Deterra Royalties (ASX:DRR) has provided its quarterly portfolio update for the period ended 31 December 2024.
HIGHLIGHTS:
- Portfolio revenue of $59.3 million for the December 2024 quarter, up 11.7% from the prior quarter:
- Mining Area C (MAC) delivered record volumes from the Central Pilbara hub, driving iron ore revenue royalties of $53.0 million, up 4.6% on prior quarter on both higher sales and realised pricing
- Gold offtakes delivered net realised margin of $5.2 million from 109.8 thousand ounces (koz) delivered
- Other royalty revenues of $1.0 million up $0.5 million from prior quarter
- Lithium Americas Corporation (LAC) made significant progress at Thacker Pass Lithium Project, Nevada, including:
- Closing of the US$2.26 billion loan from the U.S. Department of Energy
- Closing of the US$625 million investment agreement with strategic partner General Motors Holdings LLC (GM) to fund, develop, construct and operate Thacker Pass which will result in GM holding a 38% joint venture interest in the project
- Providing limited full notice to proceed to EPCM contractor Bechtel and other major contractors with first production anticipated in Q4 CY2027
- Subsequent to the quarter end, an increase in the NI 43-1014 (non-JORC) mineral resource estimate such that Thacker Pass now contains the largest measured lithium reserve and resource in the world, supporting a doubling in the planned production capacity to 160ktpa lithium carbonate equivalent (LCE) and an increase in planned mine-life to 85 years
- Restructuring of Deterra’s global team following the integration of Trident Royalties plc (Trident) ensuring delivery of future synergies
Deterra Managing Director and Chief Executive Officer, Julian Andrews said:
“It is pleasing to report another quarter of strong revenues from our royalty portfolio. With the South Flank expansion at Mining Area C complete, this royalty continues to deliver consistent cash flow.
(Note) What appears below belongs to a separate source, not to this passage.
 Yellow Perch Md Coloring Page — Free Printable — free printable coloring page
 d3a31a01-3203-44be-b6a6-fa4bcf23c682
In addition, the Trident acquisition has outperformed expectations. We saw the first full quarter of contribution from these assets, which has provided additional sources of revenue and growth. The significant updates from LAC on the Thacker Pass Lithium Project highlight the unique and tangible benefits of the royalty model, and Deterra’s countercyclical diversification strategy.
Taken together, the closing of the U.S. Department of Energy’s US$2.26 billion loan, and the US$625 million joint venture agreement with GM to fund, develop, construct and operate the Thacker Pass has significantly de-risked the project, and largely secured capex for Phase 1.
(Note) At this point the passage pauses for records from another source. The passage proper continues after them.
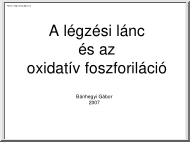 Dr. Bánhegyi Gábor - A légzési lánc és az oxidatív foszforiláció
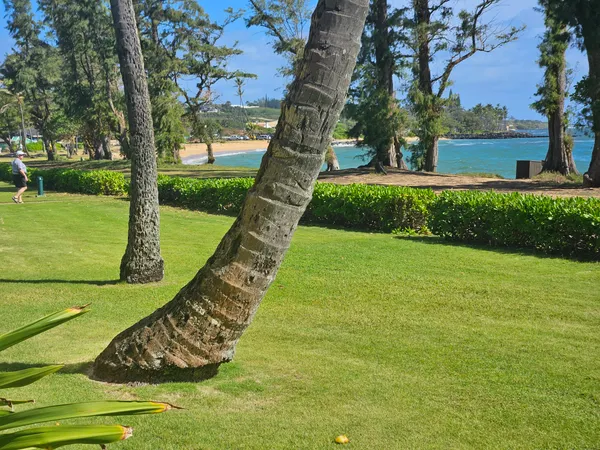 $1,239,000 | 4-1250 Kuhio Highway, Unit C107, Kapaa, HI 96746
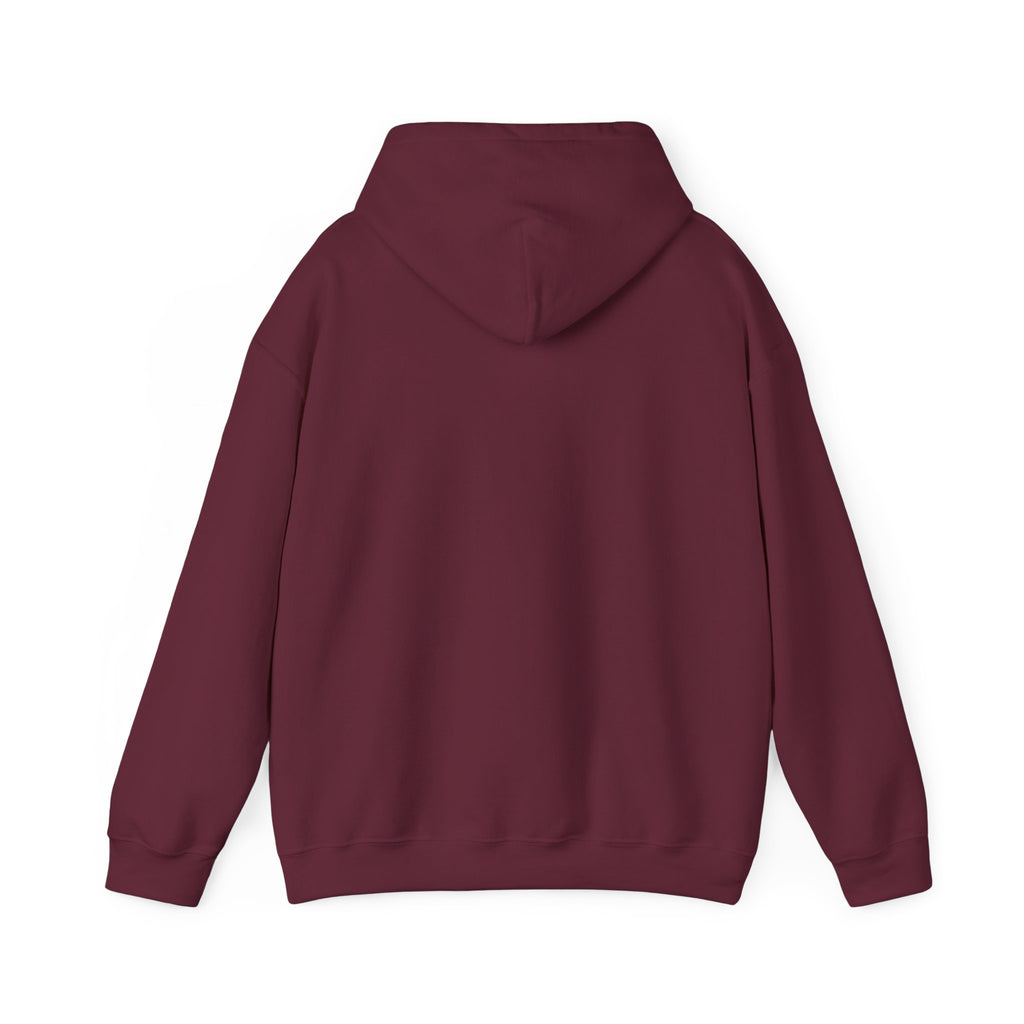 True Bearing Outfitters Hoodie – Vintage Wilderness Camping Sweatshirt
We are also particularly delighted with LACs early-January update, noting that Thacker Pass has grown to have the largest global lithium resource and reserve, doubled the planned production profile, and increased the life-of-mine to 85-years while maintaining a competitive operating cost profile. Importantly, these milestone achievements at Thacker Pass required no additional capital expenditure by Deterra.
We look forward to a positive FID at Thacker Pass, which has been flagged for early 2025, and other significant updates from our precious and base metals assets.”